S.A. : La religion s’institutionnalise. Donc ses stimulations sont constantes et répétées car toute la structure de la société morale en dépend. Voilà pourquoi il n’existe pas de société non religieuse qui peut durer plusieurs générations. Les seuls contre-exemples que je connais ont échoué (l’Union soviétique, bien que 60 % des habitants aient été croyants, et la Grèce de Périclès). C’est la raison pour laquelle les religions ne sont pas prêtes de disparaître. D’ailleurs, une dizaine de mouvements charismatiques jaillissent tous les jours. Quelques-uns sont amenés à prendre beaucoup d’ampleur. En Islam, dans le monde chrétien – surtout en Amérique latine – mais aussi dans le monde juif et particulièrement en Israël, la tendance religieuse augmente considérablement avec le nombre de croyants et leur engagement, c’est-à-dire avec le coût qu’ils sont susceptibles de payer. J’ai effectué pour l’Otan et la World Federation of Scientists des mesures de fréquence des attentats kamikazes pour des motifs religieux depuis 1980. La courbe est exponentielle.

 

S&V : Mais dans le cas présent, c’est totalement conjoncturel, non ?

 

S.A. : En effet, mais ces croyances religieuses ont un point commun universel et intemporel. Elles se basent toujours sur les mêmes choses, sur les mêmes coûts, la même communion, la même notion de sacrifice, la même contre-intuitivité minimale. Tous les membres d’une congrégation religieuse font la même chose.
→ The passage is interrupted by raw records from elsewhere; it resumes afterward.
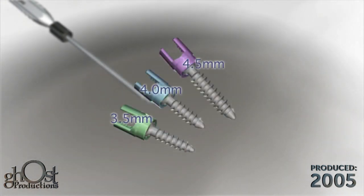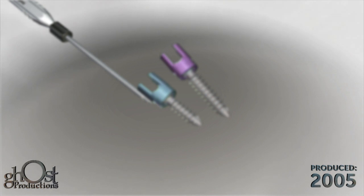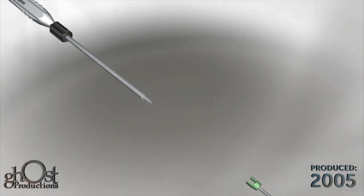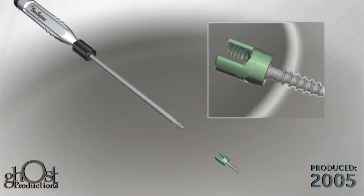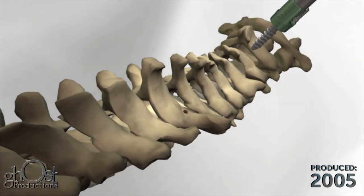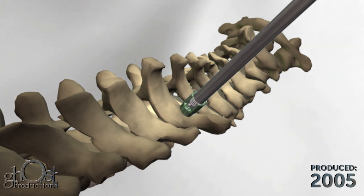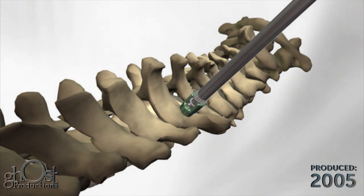After determining the appropriate screw length, load the hex cavity of the screw onto the hex tip of the polyaxial screwdriver. Secure the screw to the screwdriver by turning the knob on the screwdriver sleeve clockwise until the screwdriver is fully engaged with the seat of the screw. Screw length may be confirmed using the gauge on the corresponding screw caddy. To disengage the screw, hold the handle and turn the knob on the screwdriver sleeve counterclockwise.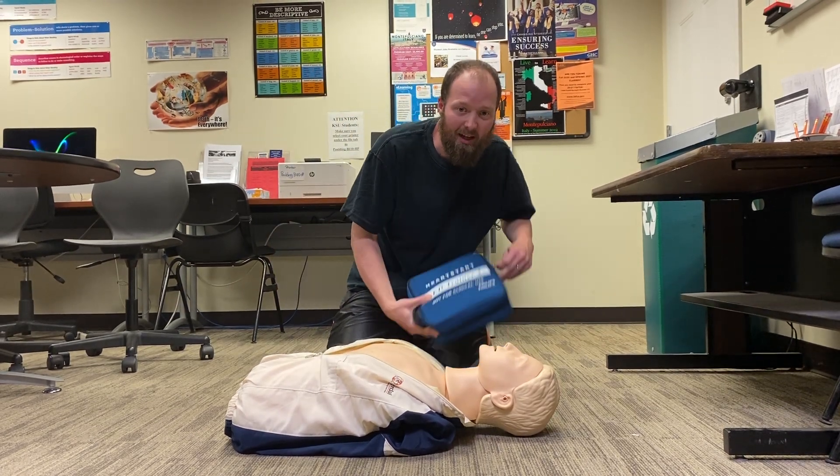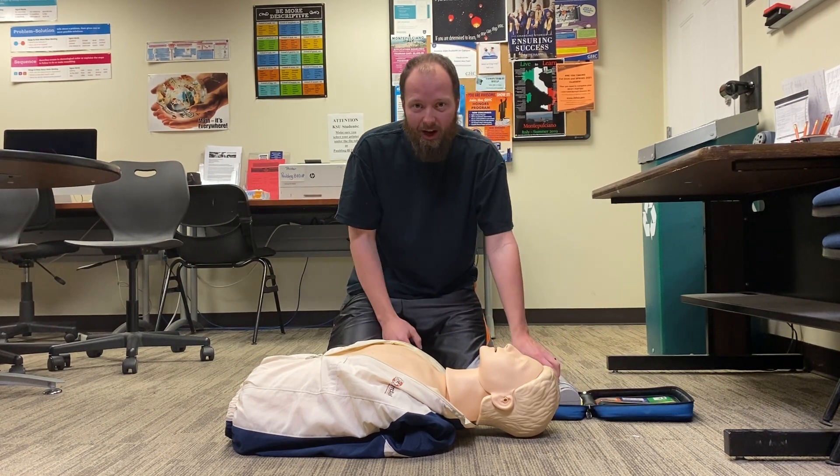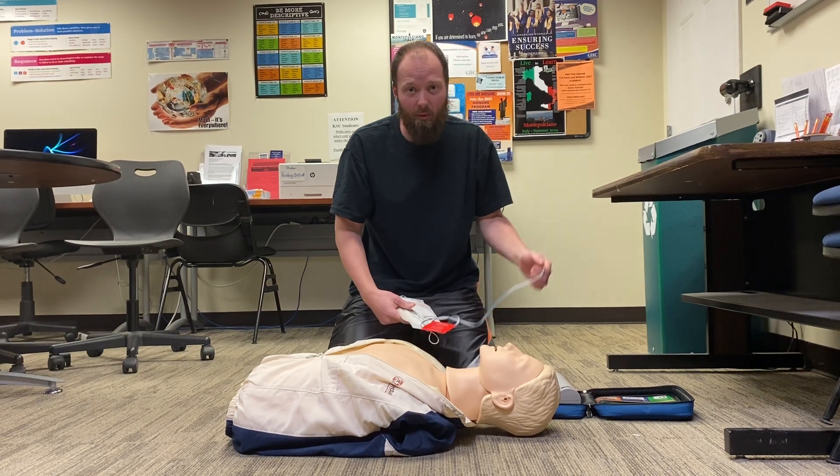The first step with an AED is always to open it — there are various ways. Then from there, always make sure you turn your AED on first. Once you turn that AED on, it will instruct you on what to do next.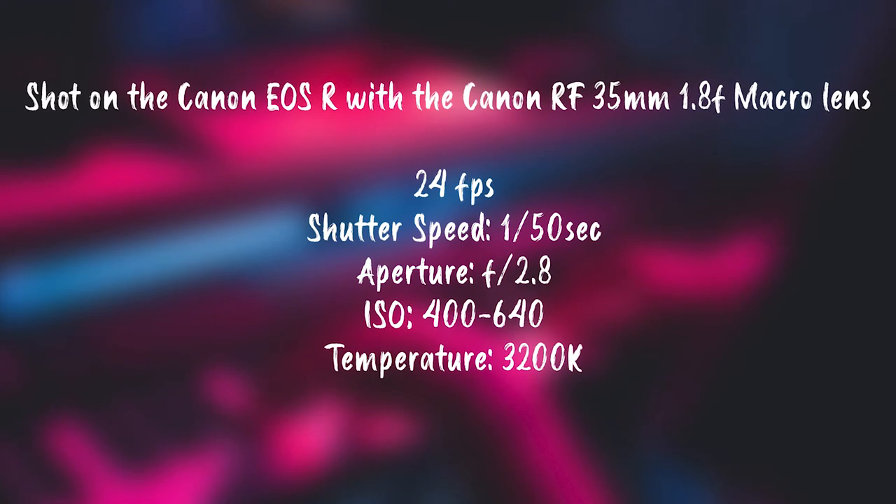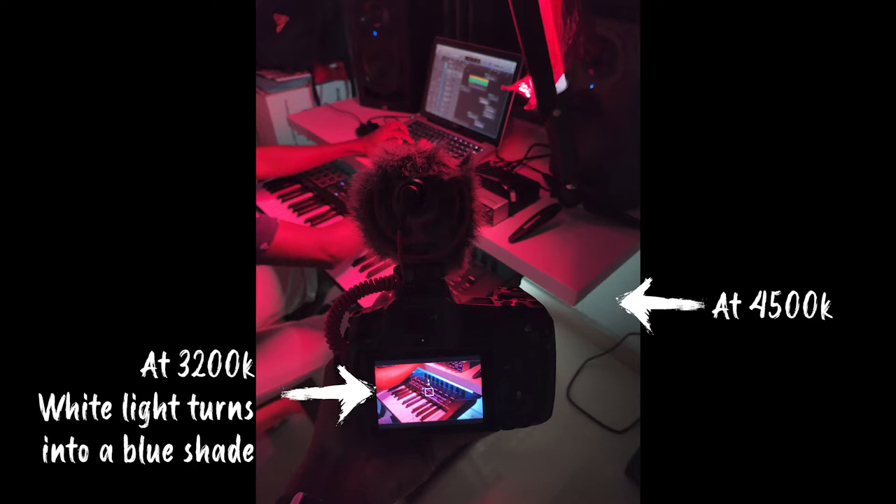I used the main key light with a red gel to get a red feel to the keyboard. It was kind of neutral — monochromatic — so I used another LED light under the table to give it some depth. Still I wasn't that satisfied, so I cranked down the white balance to 3200K. When you crank down the white balance to 3200, the white lights become blue, and the contrast between red and blue was so good. I love the lighting setup for the video.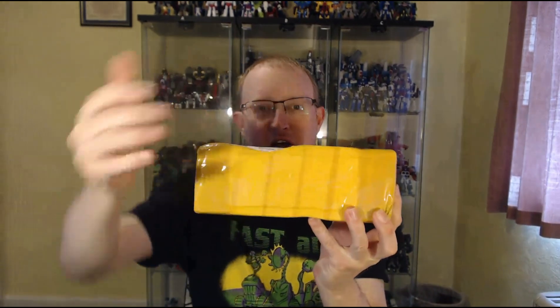Got a little package here from AliExpress, which as you can see has taken a bit of a biff in transit. Hopefully it'll be intact inside.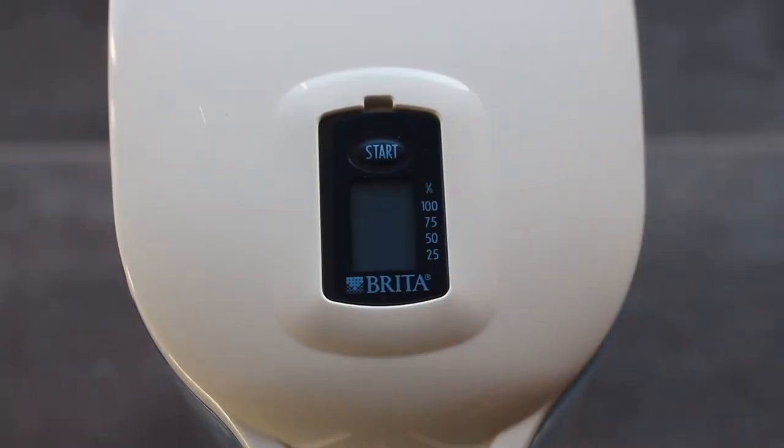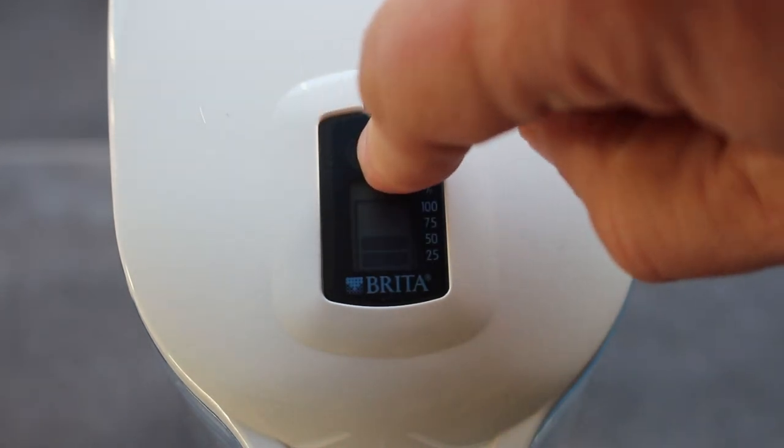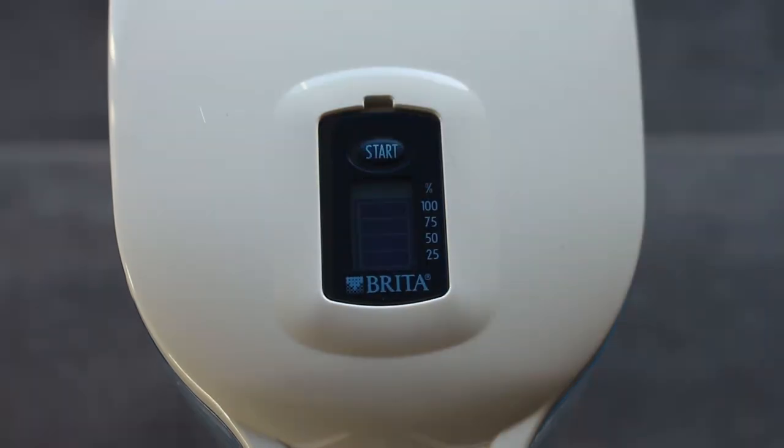Here we go — that's the third filling. There's also this little meter, and when you've put your filter in you press start and it tells you when you need to replace it.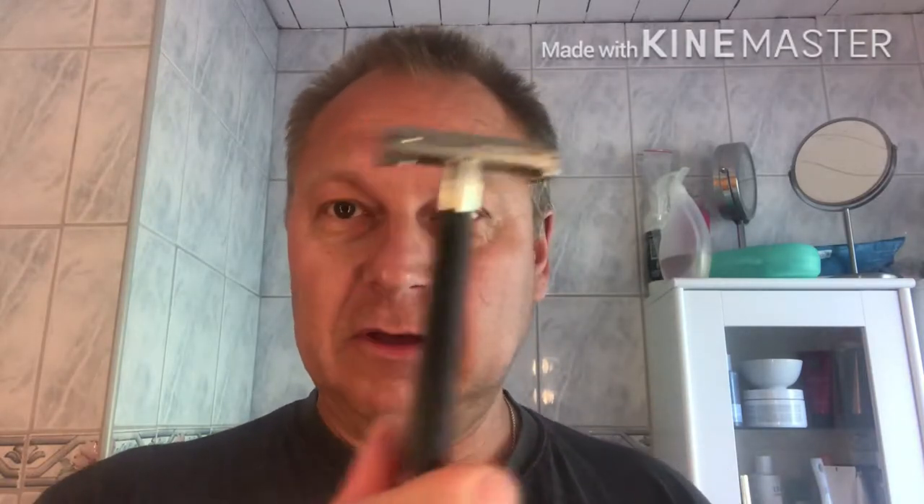Hello everybody. I thought I could show you the new razors that I bought — this chic razor. I have cleaned it, it's disinfected and actually ready for use. I have ultrasonic washed them. It's a real beauty. Everything works really, really fine. But I'm not going to use this one today.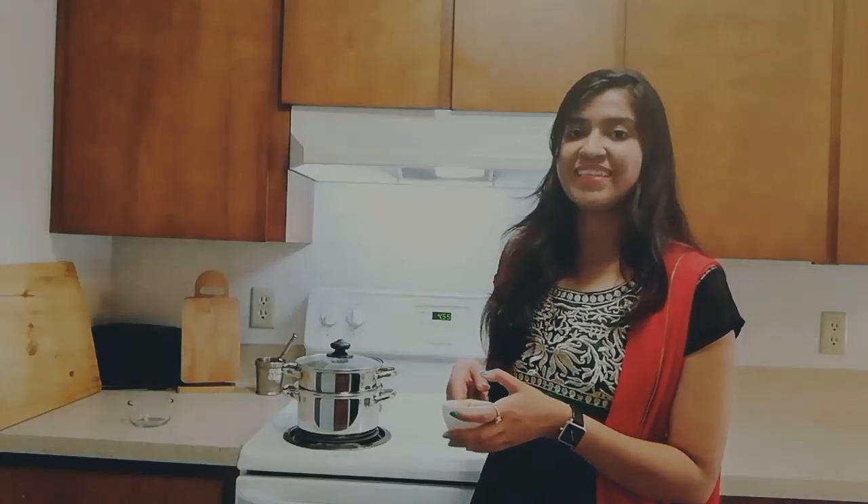Minimal ingredients are required and in a few minutes you can prepare this yummy, delicious and awesome dessert. First of all, we will need Gur or Jaggery. Here I have taken half cup of jaggery and I have grated it so that it can well combine with the other ingredients.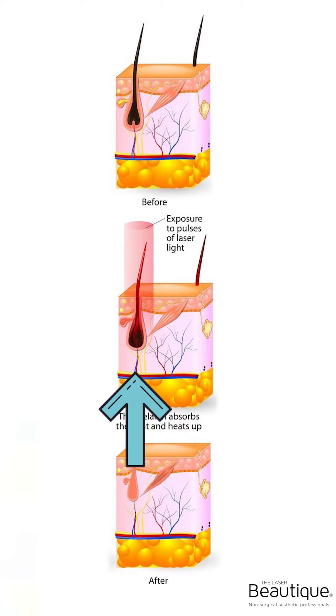So what happens when the laser follows that pigmentation down to that dermal papilla, down to that area? It starts heating it up to the extent that it damages or coagulates those little capillaries so that it can no longer feed the hair, and therefore the hair cannot grow anymore.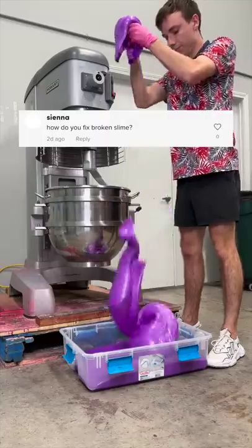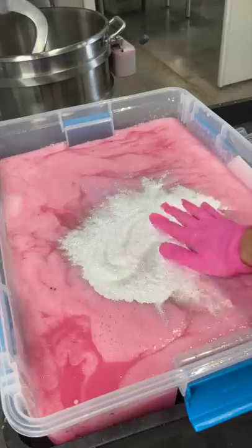How do you fix broken slime? This dragon drink slime was too dark to sell, so I added a ton of glitter and a ton of frost white to make it spicy. It's kind of like jazz — you just do whatever the slime tells you to do.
Quand j’interviewe des soldats sur le front et des kamikazes, ils me donnent les mêmes réponses. La Légion étrangère fait comme Al Quaïda. Pour créer un sentiment d’unité, il faut partager les mêmes émotions. Dans les cellules de kamikazes de Madrid comme d’Istanbul où je me suis rendu, j’ai noté des fortes différences (c’est pourquoi on ne peut pas établir un profil type de « kamikaze »), mais à l’intérieur de chaque cellule, les 8 à 12 personnes qui la constituent étaient toutes les mêmes, partageaient la même nourriture, les mêmes gestes, les mêmes rites au quotidien.

 

S&V : Ne décrivez-vous pas une situation extrême ? Tous les croyants seraient-ils prêts à payer un tel coût ? Cette notion de sacrifice est-elle vraiment un élément fédérateur ?

 

S.A. : Le coût est variable d’un individu à l’autre, mais une société n’existe pas sans un bon noyau prêt à se sacrifier.

 

S&V : En résumé, voici la liste des ingrédients pour se mettre à croire : un peu d’irrationalité – mais pas trop -, une promesse ouverte de sacrifice, et une forme d’émotion collective qui se génère et s’entretient au moyen de rituels symboliques. Quelle différence avec une secte ?

 

S.A. : La secte se transforme en religion lorsque la société traverse une crise morale et fait appel à elle pour changer ses fondements moraux, comme avec Calvin, Luther ou Mahomet, par exemple. Si la secte ne reçoit aucun apport de la société, elle tend à se désagréger. C’est le cas de la grande majorité (94 %) des sectes. Il lui faut cette base sociale qui la fait fonctionner. Si elle n’apporte rien à la société, elle disparaît, sauf si elle est autonome, qu’elle s’isole et fonde sa propre société morale et fonctionnelle.

 

 

 

Le Monde selon nos intuitions

 

 

 

Existe physiquement

Assure sa survie

Est animé

Peut deviner autrui

A des besoins spirituels

 

Personne

 

oui

 

oui

 

oui

 

oui

 

oui

 

Animal

 

oui

 

oui

 

oui

 

oui

 

non

 

Plante

 

oui

 

oui

 

non

 

non

 

non

 

Matière

 

oui

 

non

 

non

 

non

 

non

Une seule catégorie dans ce tableau conduit à l’élaboration d’une croyance. Car celui-ci figure le monde tel que nous nous le représentons intuitivement avec ses différentes catégories et leurs propriétés. En changeant le contenu d’une case, en attribuant par exemple des besoins spirituels à l’animal, on construit un monde contre-intuitif, celui d’une religion.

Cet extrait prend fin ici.